El médico cardiólogo Daniel López Rosetti sostuvo que la gestión del bienestar personal no depende de una competencia externa, sino de una transformación interna basada en la percepción.
En diálogo con LA NACION, el especialista enfatizó: “No hay que ser mejor que otros, sino mejor que ayer; la competencia es con uno mismo” y advirtió que los individuos deben aprender a filtrar los estímulos cotidianos para reducir la carga de estrés que, de manera silenciosa, impacta en la salud física.

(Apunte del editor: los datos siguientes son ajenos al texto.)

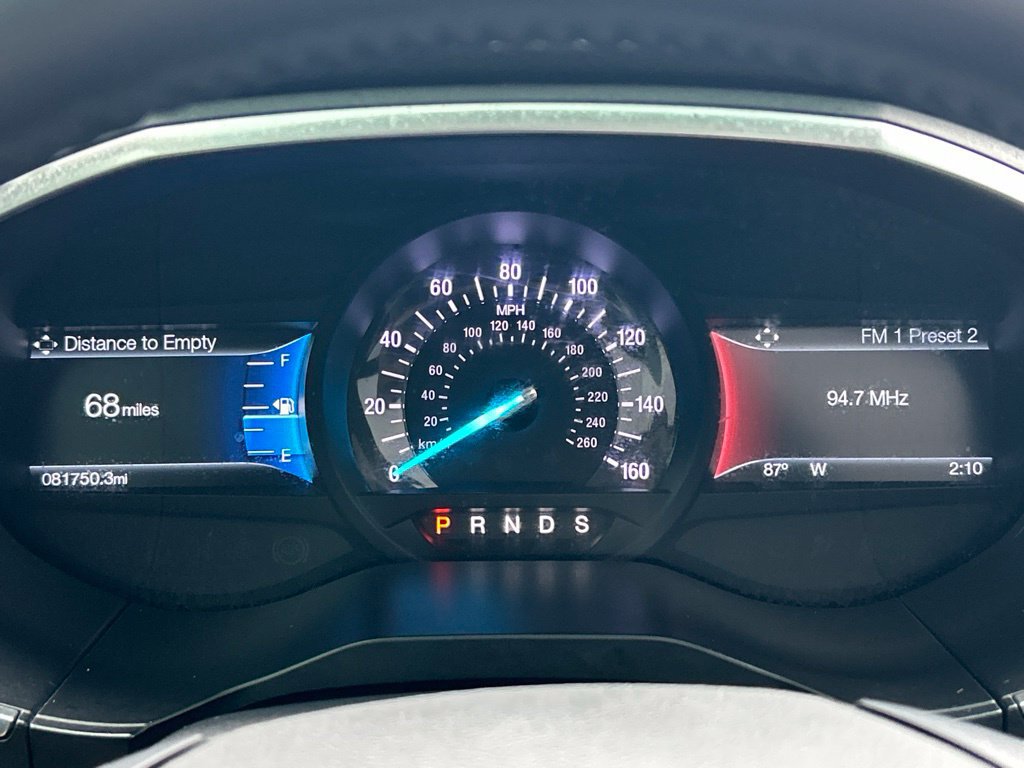 Used 2018 Ford Edge Titanium w/ Equipment Group 302A AWD/4WD image 22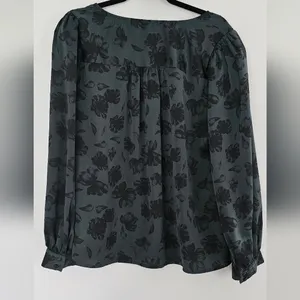 Ava & Viv Hunter green silk blouse w, black floral print. thumbnail 4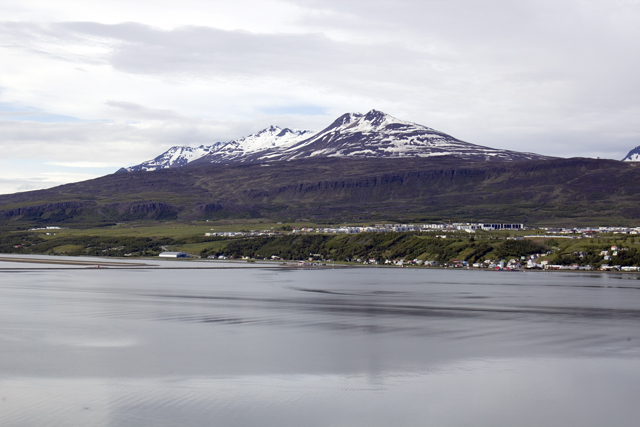 2011-07-02_09-31-23 island.jpg - Akureyri von Osten ber den Eyjafjrdur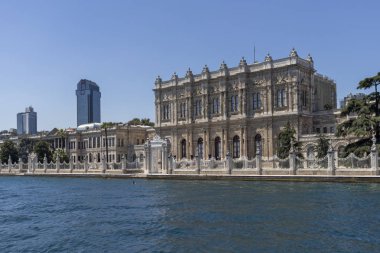 İstanbul'un Dolmabahçe Sarayı şehrine Boğaz'dan Panorama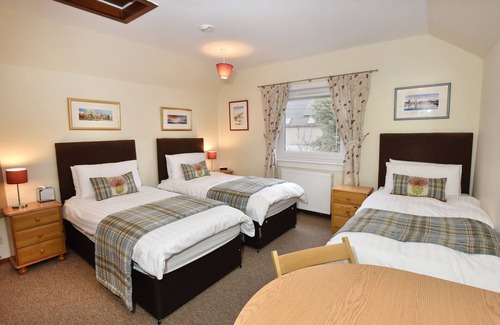 Inverness City Centre Bed & Breakfast | Acer Glen B&B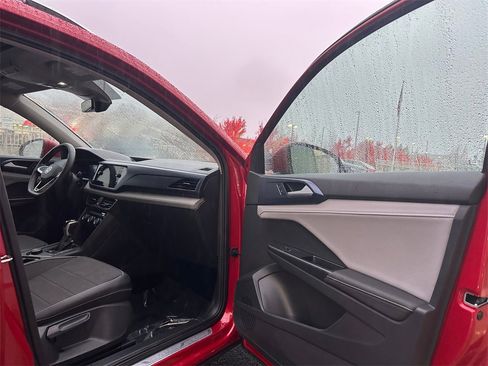 Used 2024 Volkswagen Taos SE image 11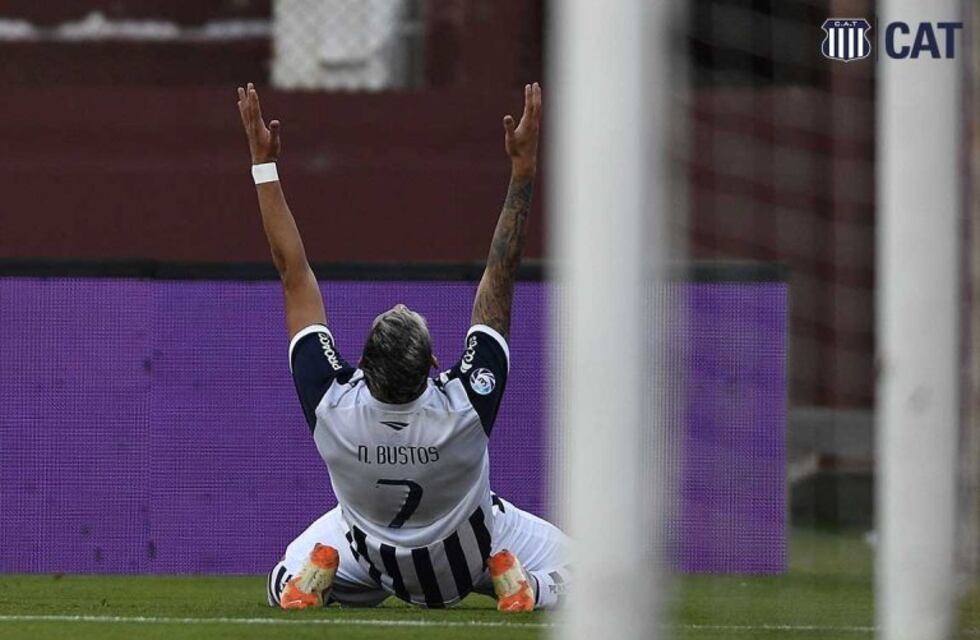 Nahuel Bustos volvió al gol en La Fortaleza
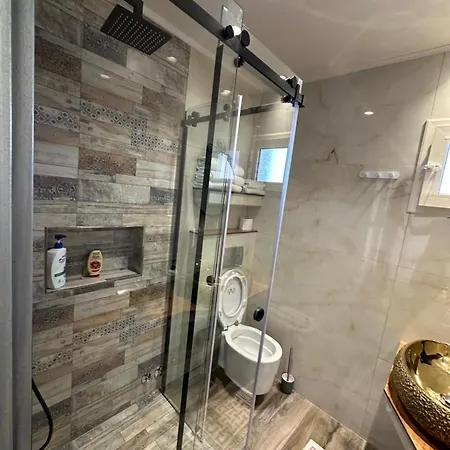 Manolo & Jolie Luxury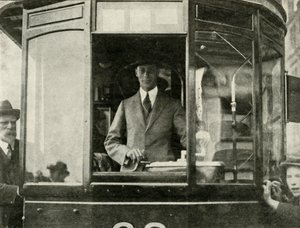 Sa Majesté conduisant un tramway dans les rues de Glasgow..., 1924, 1937 - Unbekannt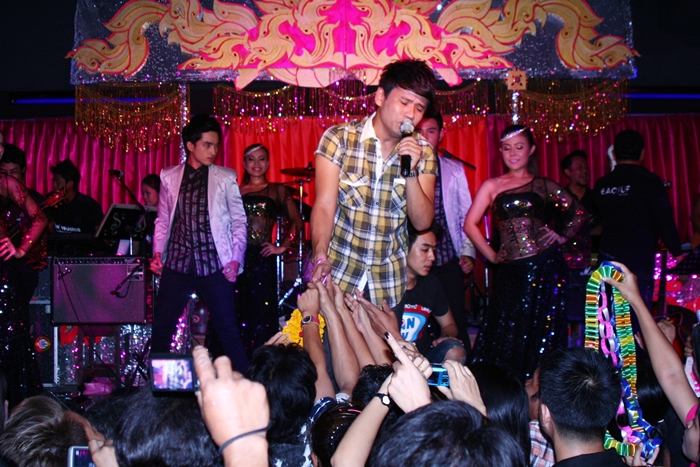 โรงเหล้าอิสาน ตะลึงกรุง บ้านเเห่งมิตรภาพเเละวัฒนธรรม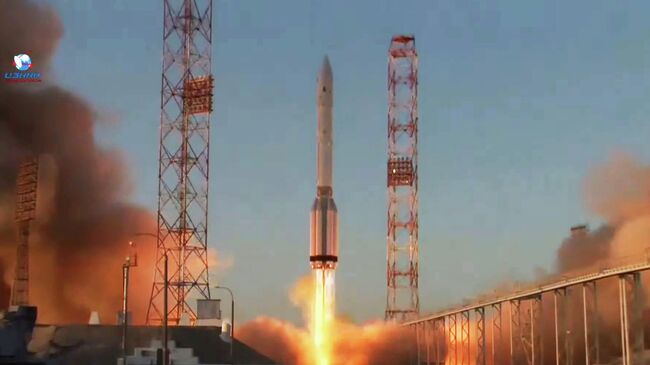 Пуск ракеты-носителя Протон-М с модулем Наука с космодрома Байконур. Кадр трансляции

Según López Rosetti, el estrés crónico genera lo que denomina una “inflamación de bajo grado” en el cuerpo, una condición que equipara a un chichón distribuido internamente. Este estado proinflamatorio, que popularmente se asocia con el concepto de “hacerse mala sangre”, puede mitigarse si el paciente adopta una visión estoica frente a las frustraciones diarias.

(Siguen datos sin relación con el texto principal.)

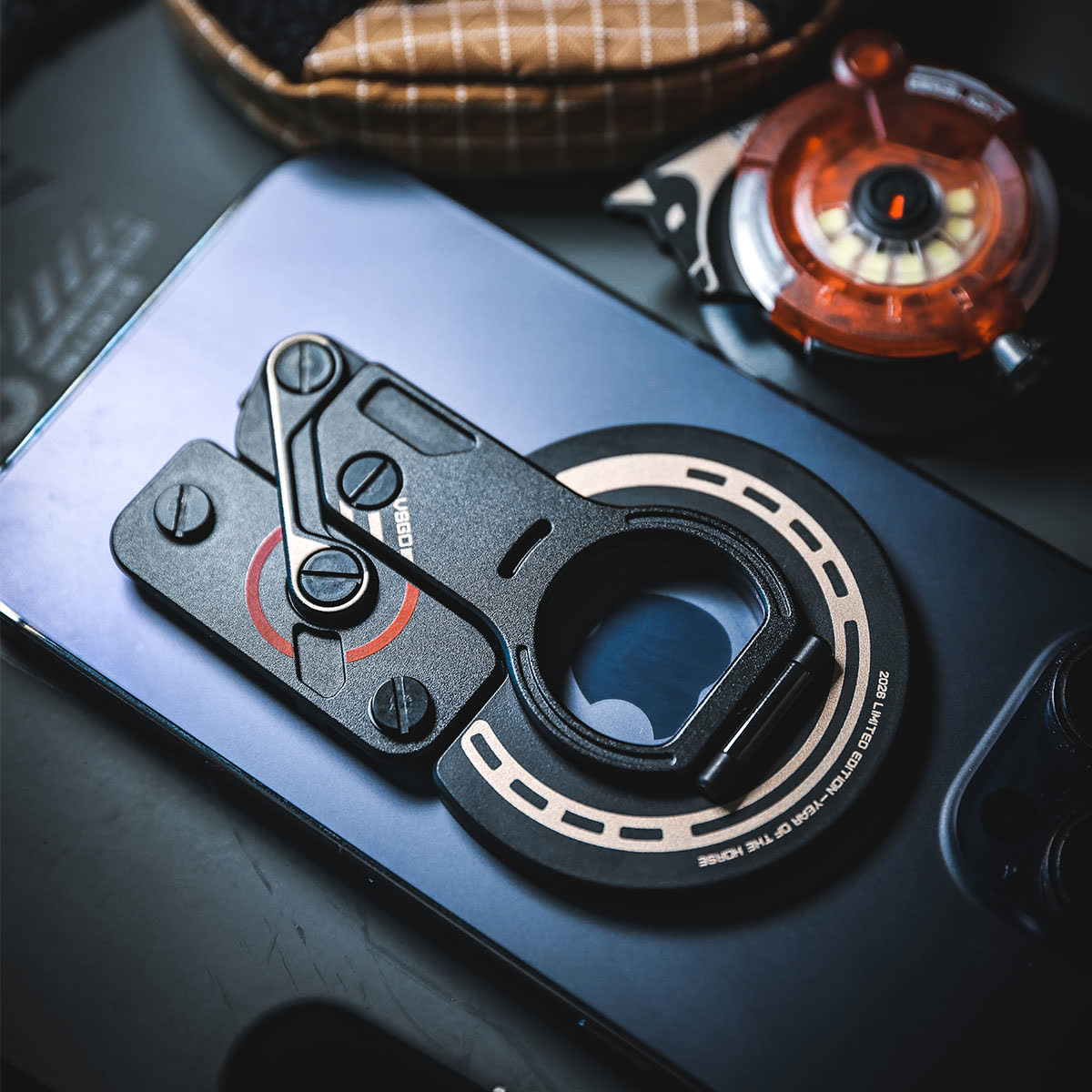 Magnetic Phone Stand & EDC Light Gift Set(Limited)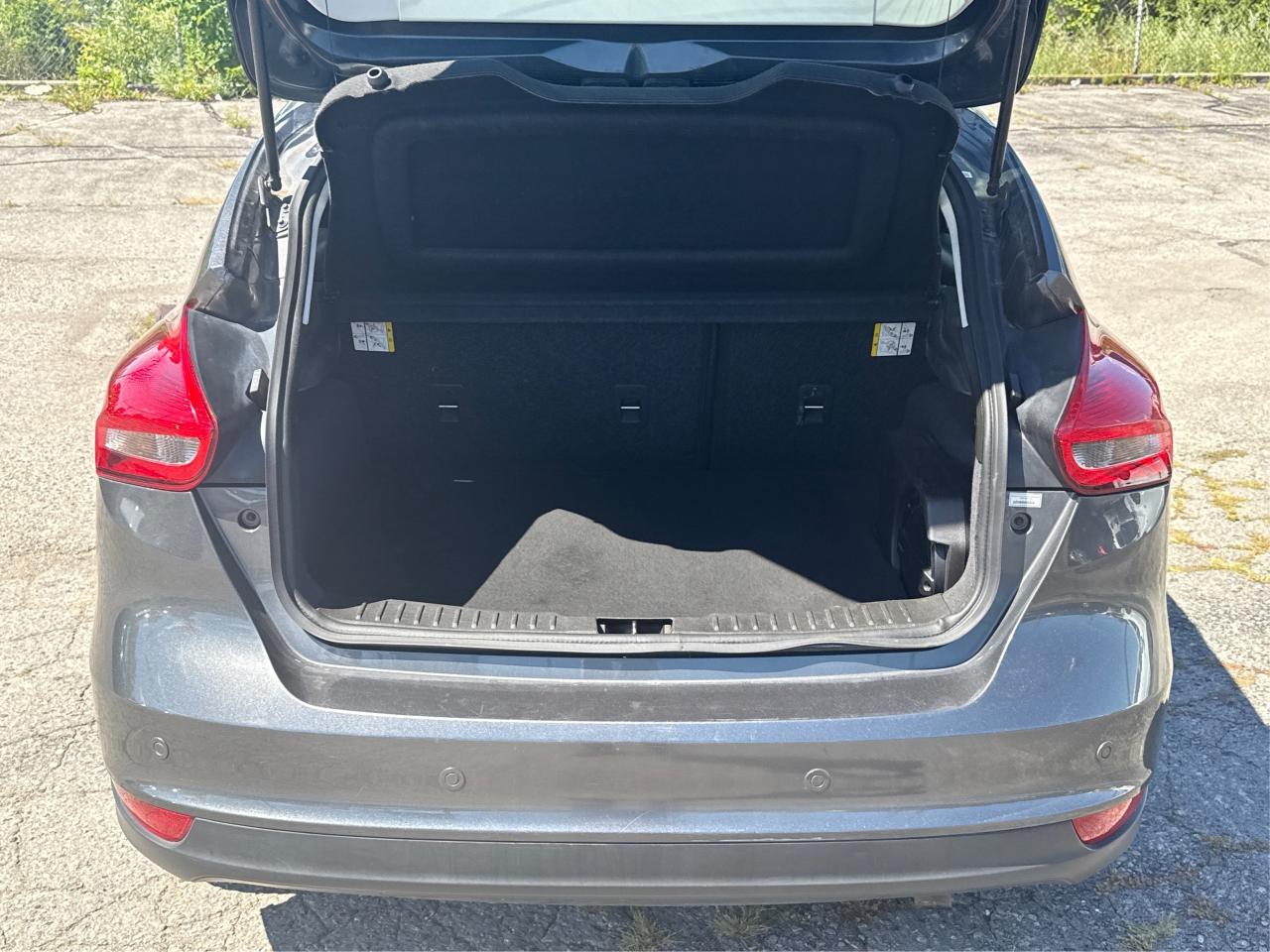 2016 Ford Focus LEATHER SUNROOF MINT! WE FINANCE ALL CREDIT! Photo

“El día es una tanza de pesca con muchos anzuelos. El estresado se especializa en tragárselos; el que maneja el estrés evita los anzuelos”, explicó.
Para el profesional, la medicina no debe limitarse a la administración de fármacos, sino incorporar herramientas filosóficas para abordar la realidad: “Lo que te estresa hoy, probablemente, no debiera estresarte. Y el abordaje de esa realidad para que no te estrese, seguramente, tiene más que ver con la filosofía de vida que con un ansiolítico”.

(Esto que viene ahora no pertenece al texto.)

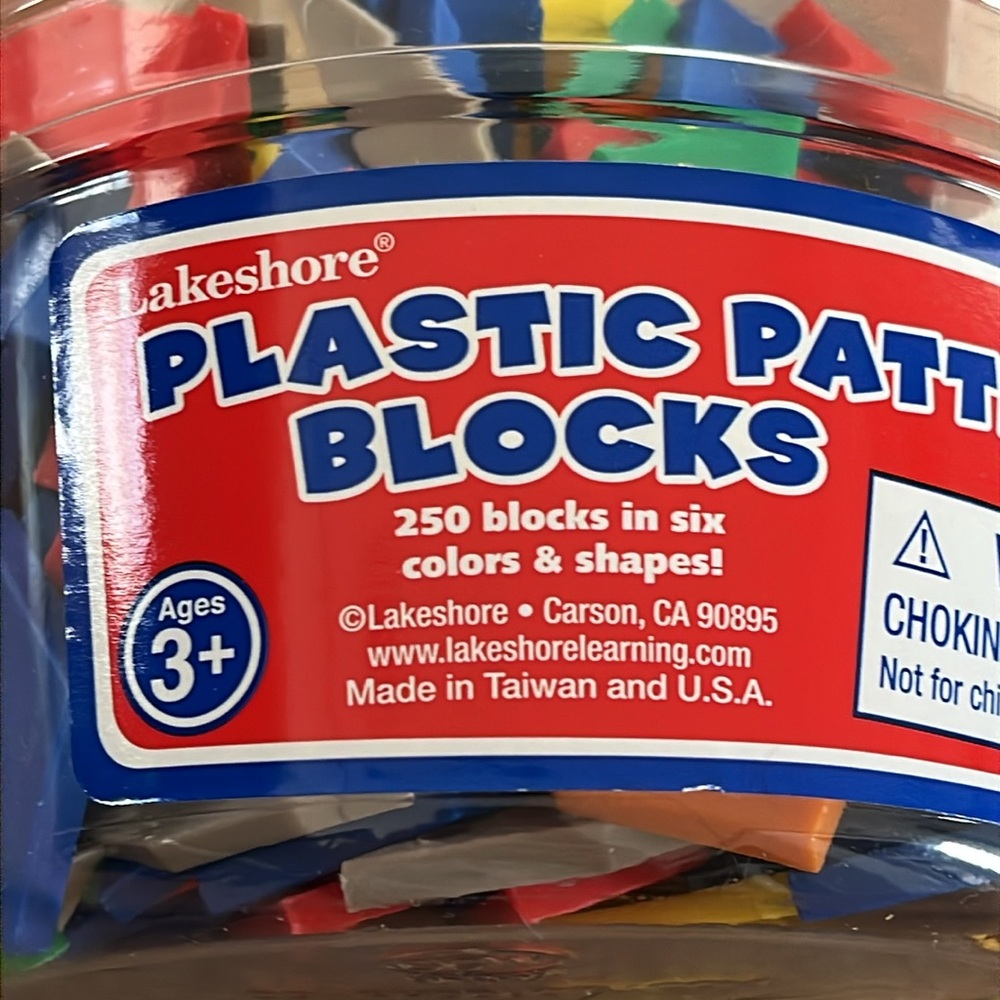 Lakeshore Learning Plastic Pattern Blocks - Picture 4 of 5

Asimismo, el doctor destaca el ejercicio físico como una herramienta clínica de primer orden, tanto las actividades aeróbicas, como la caminata rápida o el trote, como los ejercicios de musculación, resultan esenciales para tratar el desánimo y la depresión.
Respecto a la dosificación necesaria para obtener resultados terapéuticos, indicó que la Organización Mundial de la Salud recomienda alcanzar 150 minutos semanales de actividad aeróbica, equivalente a caminar treinta minutos durante cinco jornadas a la semana. En casos de depresión diagnosticada, los efectos positivos suelen consolidarse tras un proceso de adaptación biológica que oscila entre las cuatro y las ocho semanas.
No obstante, ante cuadros de tristeza o frustración pasajera vinculados a la emocionalidad vivencial, la respuesta al movimiento es significativamente más veloz. En estos escenarios, el facultativo enfatiza que “el movimiento es un medicamento” capaz de revertir el estado de decaimiento en escasos días.
El médico, que continúa ejerciendo en la salud pública, subrayó la importancia de la docencia y el contacto directo con los pacientes como una vía para renovar su vocación, rescatando siempre la idea de que, en la medicina, el enfoque debe estar centrado en el enfermo y no solamente en la enfermedad.